Here are the top seven challenges that home workers face and my advice for overcoming them:
1. Work And Personal Life Separation
When you work from home, keeping work and home life separate can be extremely difficult.
Office space in your home does not have to be a dedicated room, although a room with a door you can close while you work is an excellent way of shutting out the distraction. Use your office space only for working. It can be tough to stop personal and home life activities from spilling into your work.
My advice would be that you try to create dedicated office space in your home. Ideally, it should be in a room with a door that you can close while you work. After deciding to work from home full-time, I realised that I needed to set up a home office where I could work without distractions.
Procrastination is a widespread problem that affects even the best of us. Procrastination prevents us from focusing on work, and we end up wasting valuable time instead.
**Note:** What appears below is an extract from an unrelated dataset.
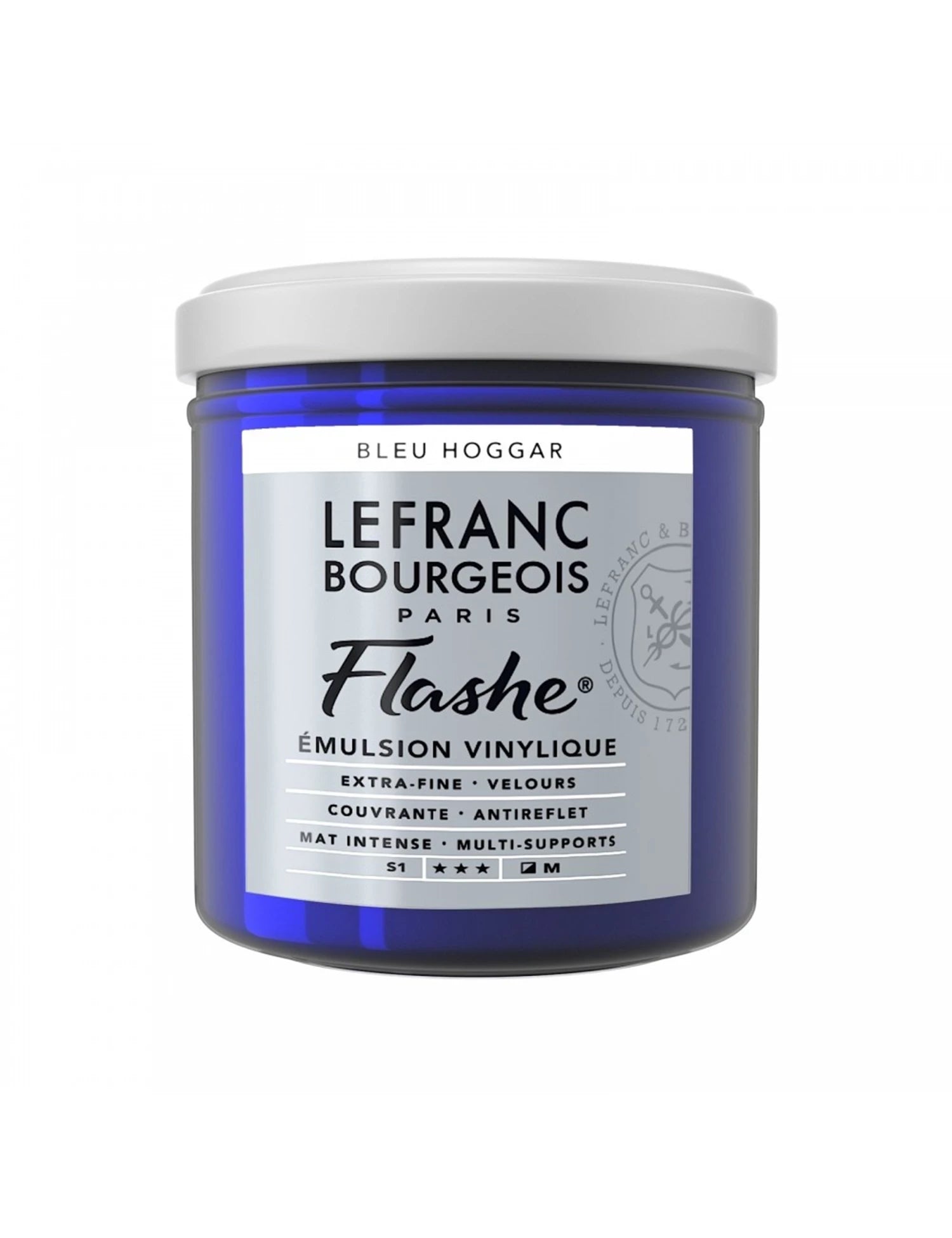 LFB FLASHE ACRYL 125ML TOPF HOGGARBLAU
Many people I know believe that their habit of procrastinating has prevented them from going after their life goals and dreams.
My suggestion would be that acknowledge your habit and break down your work into smaller pieces and create a to-do list that you abide by. This will help you stay focused and productive.
See my blog on procrastination as one of the challenges of working from home.
Distractions at home are a constant struggle. Figure out which distraction affects you the most while you work and try to minimise it or eliminate it before you start work. If working in an untidy room distracts you, clean up first so you can focus on work.
A dear friend of mine agrees that house chores like washing, cleaning, hoovering, painting, take over and prevent her from working. It is best to deal with such distractions first.
4. Lack Of Structure
Offices have professionalism and structure, which working from home can seriously lack. You won’t have a set schedule to keep you on track on a day to day basis. You are more susceptible to get involved in other work or wasting time on your phone.
If you keep your phone close by when you are working, the chances are that it will be your most significant source of distraction. A simple solution is to put your phone away, so you don’t end up mindlessly scrolling through your social media apps on your phone. Also, develop a schedule and stick to it.
5. Lack Of Social Interactions
Some home workers, like me, can work many hours a day at a time, while others have a difficult time staying glued to their desk for too long. Working for too many hours can be exhausting and can cause you to burn out. When you work in an office, you get the chance to meet colleagues and have social interactions, which working from home does not offer.
6. Difficulties Turning Off Work
When your home is also your office, it can be hard to turn off work. I faced this challenge at the beginning which made me realise that it’s easier to work at least 15 hours a day and on the weekends. This can lead to burnouts. People who are burnt out are more likely to be distracted, so try to take breaks and socialise. These activities are essential for creating balance. Glued to the computer screen for 12 hours a day with no breaks will eventually cause damage, one of my fellow homeworker and internet friend said, and I agree homeworkers need to strike a balance.
7. Focusing On Health And Fitness
When you are in your home, working long hours, it is highly likely that you will get minimal exercise and fresh air, which can have a disastrous effect on your health and fitness in the long run.
Remember that health should always come first. Try to include physical exercise in your routine; joining a fitness class or gym is a great way to stay fit and socialise.
Working from home is not for everyone. I have known many people who have given up on the idea of working remotely due to its challenges. However, as a successful homeworker myself, I can assure you that it is possible to work from home and overcome its challenges.